What exactly is meant by "partial function" in functional programming?

Question

According to my understanding, partial functions are functions that we get by passing fewer parameters to a function than expected. For example, if this were directly valid in Python:

>>> def add(x,y):
...    return x+y
... 
>>> new_function = add(1)
>>> new_function(2)
3

In the snippet above, new_function is a partial function. However, according to the Haskell Wiki, the definition of partial function is

A partial function is a function that is not defined for all possible arguments of the specified type.

so, my question is: what exactly is meant by "partial function"?

Answer 1

You are here confusing two concepts. A partially applied function [haskell-wiki] with a partial function [haskell-wiki].

A partially applied function is:

Partial application in Haskell involves passing less than the full number of arguments to a function that takes multiple arguments.

whereas a partial function indeed is a non-total function:

A partial function is a function that is not defined for all possible arguments of the specified type.

Answer 2

A partial function (both in the context of functional programming and mathematics) is exactly what the wiki says: a function not defined for all of its possible arguments. In the context of programming, we usually interpret "not defined" as one of several things, including undefined behaviour, exceptions or non-termination.

An example of a partial function would be integer division, which is not defined if the divisor is 0 (in Haskell it will throw an error).

in above snippet new_function is partial function.

That code would simply cause an error in Python, but if it worked as you intended, it would be a total (meaning not partial) function.

As commentors already pointed out, you're most likely thinking of the fact that it'd be a partially applied function.

Answer 3

The answers explain all, I will just add one example in each language:

def add(x,y):
    return x+y

f = add(1)
print(f(3))

    f = add(1)
TypeError: add() missing 1 required positional argument: 'y'

this is neither a partial function nor a curried function, this is only a function that you didn't gave all its arguments.

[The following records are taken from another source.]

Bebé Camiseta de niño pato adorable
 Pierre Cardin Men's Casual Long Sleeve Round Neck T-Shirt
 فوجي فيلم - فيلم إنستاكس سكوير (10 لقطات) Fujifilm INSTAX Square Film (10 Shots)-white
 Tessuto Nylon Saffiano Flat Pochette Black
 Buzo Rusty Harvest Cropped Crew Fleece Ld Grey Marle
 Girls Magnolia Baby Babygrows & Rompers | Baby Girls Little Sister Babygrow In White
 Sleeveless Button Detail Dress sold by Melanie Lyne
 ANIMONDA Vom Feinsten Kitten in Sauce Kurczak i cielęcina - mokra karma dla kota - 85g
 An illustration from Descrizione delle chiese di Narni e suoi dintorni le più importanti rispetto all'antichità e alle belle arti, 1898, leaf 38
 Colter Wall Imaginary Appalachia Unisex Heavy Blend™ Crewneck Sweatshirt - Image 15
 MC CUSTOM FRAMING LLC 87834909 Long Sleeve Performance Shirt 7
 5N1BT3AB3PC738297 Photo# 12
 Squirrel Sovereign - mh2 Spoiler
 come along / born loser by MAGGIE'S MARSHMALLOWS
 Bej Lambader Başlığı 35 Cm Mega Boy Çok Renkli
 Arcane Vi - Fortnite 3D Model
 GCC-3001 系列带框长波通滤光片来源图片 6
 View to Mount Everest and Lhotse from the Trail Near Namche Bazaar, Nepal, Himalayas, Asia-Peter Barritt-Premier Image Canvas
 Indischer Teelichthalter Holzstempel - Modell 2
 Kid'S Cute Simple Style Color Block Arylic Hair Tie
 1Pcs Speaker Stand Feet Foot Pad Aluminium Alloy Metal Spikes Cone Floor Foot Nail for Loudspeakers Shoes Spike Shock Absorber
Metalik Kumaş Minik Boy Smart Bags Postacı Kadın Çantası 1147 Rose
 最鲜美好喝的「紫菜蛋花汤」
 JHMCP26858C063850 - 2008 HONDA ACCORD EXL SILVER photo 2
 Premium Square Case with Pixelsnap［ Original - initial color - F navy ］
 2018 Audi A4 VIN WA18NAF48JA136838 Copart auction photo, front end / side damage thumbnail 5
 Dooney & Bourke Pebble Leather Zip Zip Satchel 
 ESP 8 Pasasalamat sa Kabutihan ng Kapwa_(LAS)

A curried function in python should be like this:

partialAdd= lambda x: lambda y: x + y

plusOne = partialAdd(1)
print(plusOne(3))

4

and in haskell:

plus :: Int -> Int -> Int
plus x y = x + y

plusOne = plus 1

plusOne 4

5

A partial function in python:

def first(ls):
    return ls[0]

print(first([2,4,5]))
print(first([]))

output

2

print(first([]))
  File "main.py", line 2, in first
    return ls[0]
IndexError: list index out of range

And in Haskell, as your link showed up:

head [1,2,3]
3

head []
*** Exception: Prelude.head: empty list

So what is a total function?

Well, basically the opposite: this is a function that will work for any input of that type. Here is an example in python:

def addElem(xs, x):
  xs.append(x)
  return xs

and this works even for infinite lists, if you use a little trick:

def infiniList():
    count = 0
    ls = []
    while True:
        yield ls
        count += 1
        ls.append(count)

ls = infiniList()
for i in range(5):
  rs = next(ls)

print(rs, addElem(rs,5))

[1, 2, 3, 4, 5] [1, 2, 3, 4, 5]

And the equivalent in Haskell:

addElem :: a -> [a] -> [a]
addElem x xs = x : xs

addElem 3 (take 10 [1..])
=> [3,1,2,3,4,5,6,7,8,9,10]

Here the functions don't hang forever. The concept is the same: for every list the function will work.